A Washington D.C. law firm known for its work with mHealth companies is asking the U.S. Food and Drug Administration to "adopt significant fundamental changes to keep pace with medicine and technology."
The request is part of a 12-page white paper submitted to the Office of the National Coordinator for Health Information Technology by Bradley Merrill Thompson, an attorney with Epstein Becker Green and the legal counsel for the mHealth Regulatory Coalition. The ONC is seeking public comments as it prepares to develop a health information technology regulatory framework with the FDA and Federal Communications Commission.
The paper, titled "Enhancing Innovation in e-Health through a Systems Approach to Regulation: A Blueprint for FDA Modernization," calls for the FDA to "modernize its regulatory approach to embrace the fact that we are witnessing a transformation of the medical technology landscape from one shaped by individual, discrete products to a new era of complex, connected diagnostic and therapeutic systems that deliver holistic care."
The white paper submitted in August by Epstein Becker & Green urges the various agencies involved to work together.
"Having multiple agencies overseeing a particular industry creates a substantial risk of throwing sand in the gears of innovation through duplicative and disjointed regulation. It can be very hard to serve two masters, let alone three," the paper stated. "In the case of e-health, the government didn't set out to have multiple agencies regulating product development, but through the convergence of the technology, FDA, ONC and FCC can all now find themselves regulating the same products."
The paper goes on to say that "coordination among the three agencies is essential."
In the case of the FDA, the white paper argues that the agency "needs to provide clarity and predictability with regard to the types of health IT the agency regulates, and for any software that is regulated, the classification."
On Sept. 4, the workgroup created by the FDA Safety Innovation Act of 2012 (FDASIA) legislation submitted its long-awaited final recommendations to the ONC Health IT Policy Committee.

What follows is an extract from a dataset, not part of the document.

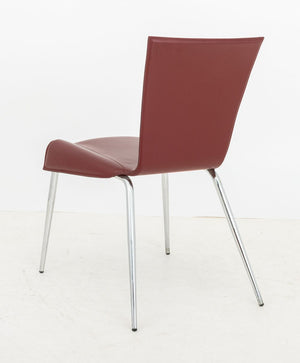 Postmodern Red Leather Side Chair (9854226104627)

HHS is now slated to work with the ONC, FDA and FCC to draft a report made from the recommendations to inform Congress on proposed strategies for regulating HIT, including mobile technology.
In a Sept. 6 blog, Robert Jarrin senior director of government affairs for Qualcomm, Inc., said Qualcomm hopes FDA will publish final mobile medical applications guidance as soon as possible. "The FDASIA Workgroup has independently delivered its final recommendations recognizing the importance of expediting guidance on HIT software, mobile medical apps and related matters" and "I could not agree more," Jarrin said.

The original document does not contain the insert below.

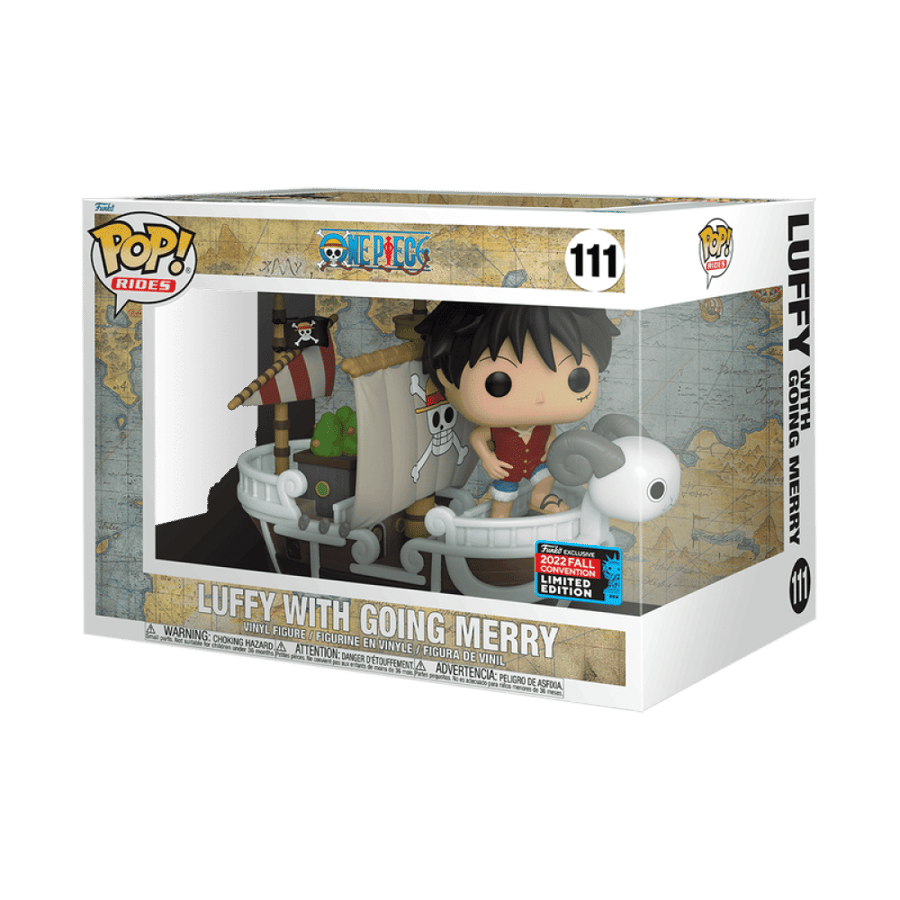 Funko Pop One Piece Luffy With Going Merry NYCC 2022 Shared sticker In Hand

Janet M. Marchibroda, director of Health Innovation for the Bipartisan Policy Center notes the workgroup's first draft of recommendations issued earlier this summer indicated that substantial additional regulation of health IT beyond what is currently in place is not warranted, with the exception of medical device data system, medical device accessories, certain forms of high-risk clinical decision support, and higher-risk software use cases.

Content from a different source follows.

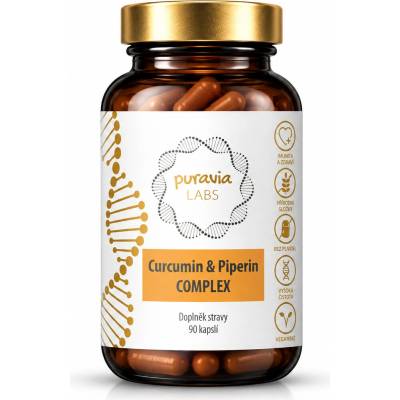 Puravia Labs Kurkumin & piperin komplex 90 kapslí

"The draft report appropriately does not specifically define which agencies or organizations should carry out various aspects of the new framework," Marchibroda said.
The Sept. 4 recommendations from the FDASIA workgroup, along with public comments that were received by Aug. 31, in response to an HHS formal FDASIA Request for Comments on the Development of a Risk-Based Regulatory Framework and Strategy for Health IT, are expected to help HHS write its report for Congress, expected by January 2014, Marchibroda said.